Engro blames rival for gas supply disruptions

Prepares ‘alternative gas solution’ to end outages.

Kazim Alam June 20, 2012


Engro Corporation President and CEO Muhammad Aliuddin Ansari has said that vested interests within the fertiliser industry are behind the continuous gas disruptions that Enven, which is the company’s flagship fertiliser plant, has been facing since its inception in January 2011.

Talking to The Express Tribune, the newly appointed head of the country’s largest private-sector corporation said Fatima Fertilizer CEO Fawad Ahmed Mukhtar had been using his connections with a Multan-based powerbroker to thwart Engro’s efforts to end the gas crisis currently being faced by the fertiliser industry.

Enven is the world’s largest single-train, ammonia-urea plant in Deharki, Sindh, with a production capacity of 1.3 million tons per annum. The plant has been built at a cost of $1.1 billion, which makes it the largest private-sector industrial investment in Pakistan.

Although the government is bound to provide Enven with 100 million cubic feet per day (mmcfd) of gas through Sui Northern Gas Pipelines Limited (SNGPL), it has been diverting gas supplies to other sectors of the industry, which has led to recurring gas suspension for the fertiliser plant.

To resolve the issue, Engro has prepared a detailed proposal for the government that calls for an “alternative non-network gas solution” to end Enven’s gas curtailment problem.

The petroleum ministry, according to Ansari, once moved this proposal for the consideration of the Economic Coordination Committee (ECC) of the cabinet, which is the highest decision-making body for economic affairs in the country. But the summary was “recalled,” claims Ansari, after alleged intervention by the CEO of Fatima Fertilizer.

“The question we should ask is how could one individual assume enough power to put the interests of the entire industry at stake?” says Ansari.

Engro moved the proposal again two weeks ago. “Fatima Fertilizer is once again interfering in the process,” he says.

Besides Enven of Engro Fertilizers, Dawood Hercules, Fauji Fertilizer Bin Qasim, Agritech and Pakarab Fertilizers – which is owned by the Fatima Group – rely on SNGPL for gas supplies.

Fatima Fertilizer Company Limited is a joint venture of Fatima Group and Arif Habib Group. Arif Habib Corporation Chairman Arif Habib serves as chairman of Fatima Fertilizer and Pakarab Fertilizers.

Engro Fertilizers believes that it has a legally sound case, as it was allocated 100 mmcfd of gas upon payment of a licence fee after an international competitive bidding conducted by the government. It also enjoys the SNGPL guarantee of uninterrupted gas supply with a right to have the first 100 mmcfd of gas production from Qadirpur field.

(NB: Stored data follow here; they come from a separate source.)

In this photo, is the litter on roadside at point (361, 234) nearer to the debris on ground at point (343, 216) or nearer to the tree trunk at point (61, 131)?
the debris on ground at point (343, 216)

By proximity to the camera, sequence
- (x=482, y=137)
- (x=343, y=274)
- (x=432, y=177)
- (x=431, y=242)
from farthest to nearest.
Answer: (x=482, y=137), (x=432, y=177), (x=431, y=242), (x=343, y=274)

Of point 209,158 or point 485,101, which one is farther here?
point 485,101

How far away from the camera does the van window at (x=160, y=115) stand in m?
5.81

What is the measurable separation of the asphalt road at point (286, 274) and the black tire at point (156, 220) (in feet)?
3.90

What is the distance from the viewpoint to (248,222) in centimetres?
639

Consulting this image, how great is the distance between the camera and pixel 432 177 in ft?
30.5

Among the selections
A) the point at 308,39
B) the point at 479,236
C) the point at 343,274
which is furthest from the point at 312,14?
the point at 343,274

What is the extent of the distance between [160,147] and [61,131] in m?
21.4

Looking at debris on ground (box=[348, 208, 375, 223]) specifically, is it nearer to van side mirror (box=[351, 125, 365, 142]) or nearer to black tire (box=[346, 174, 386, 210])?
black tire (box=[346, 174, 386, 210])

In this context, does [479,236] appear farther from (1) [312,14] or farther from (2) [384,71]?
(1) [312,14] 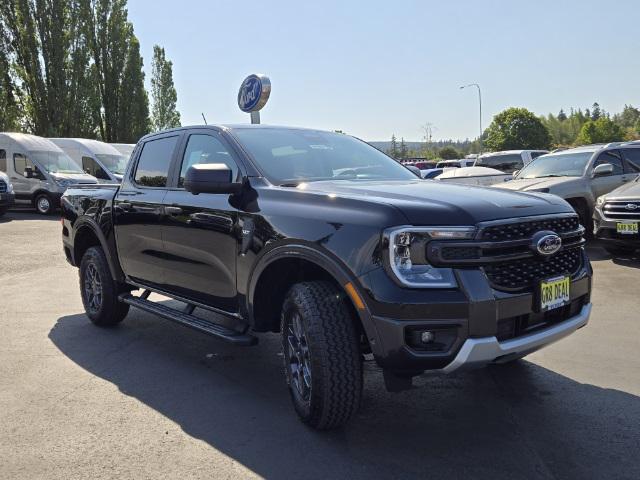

Engro’s alternative non-network gas solution calls for shifting Enven from the Qadirpur field to Lateef and two other adjacent gas fields. Another suggestion that is part of Engro’s proposal is to shift gas supplies of the plant to Mari field which, like many other major gas fields, is located within 50 km of Enven.

Speaking to The Express Tribune, Fatima Fertilizer CEO Fawad Ahmed Mukhtar termed the allegations of the Engro CEO “baseless and immature.”

“No one else has ever accused us of such things in the past,” Mukhtar said, adding Pakarab Fertilizers – which is owned by the same group – was itself a victim of gas curtailment by SNGPL, as it received gas for only 55 out of 170 days in the current year.

As for Fatima Fertilizer, which is on the Mari field, Mukhtar said it was subjected to regular 12% gas curtailment like other plants that operate on the Mari field, including the old plant of Engro Fertilizers.

“Engro’s demands are unfair. Why should other companies give up their allocations because of Engro? It made a bad decision and is now making the rest of us suffer,” he said.

Published In The Express Tribune, June 21st, 2012.


Arsalan Mir | 8 years ago | Reply

Industries must optimise on available alternatives in order to balance the gas mix. For fertiliser sector NG is the very basic requirement and has no alternatives while other industrial sectors using the NG for combustion and power turbines can use from many available alternatives.

Greens | 8 years ago | Reply

Expensive and unavailability of raw materials for industries is the main cause the GDP is too low. Planning commission of Pakistan i think plans nothing but to enjoy facilities.